> **WORK INSTRUCTIONS**:
Answer with one number only: how many lines in the material contain "light".

> **TASK INPUTS**:
════════════════

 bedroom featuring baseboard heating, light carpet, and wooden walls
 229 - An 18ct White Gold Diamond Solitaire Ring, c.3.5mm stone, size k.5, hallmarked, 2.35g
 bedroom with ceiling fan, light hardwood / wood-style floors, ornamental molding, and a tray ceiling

════════════════

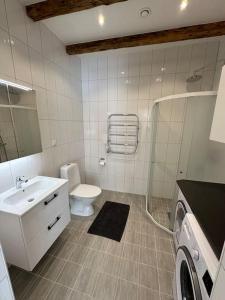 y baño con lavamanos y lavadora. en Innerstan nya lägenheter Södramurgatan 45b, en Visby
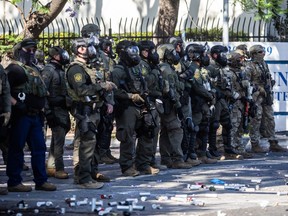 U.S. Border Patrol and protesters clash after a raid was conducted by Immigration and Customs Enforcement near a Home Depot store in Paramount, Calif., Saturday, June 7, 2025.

════════════════

> **RESPONSE AREA**:
2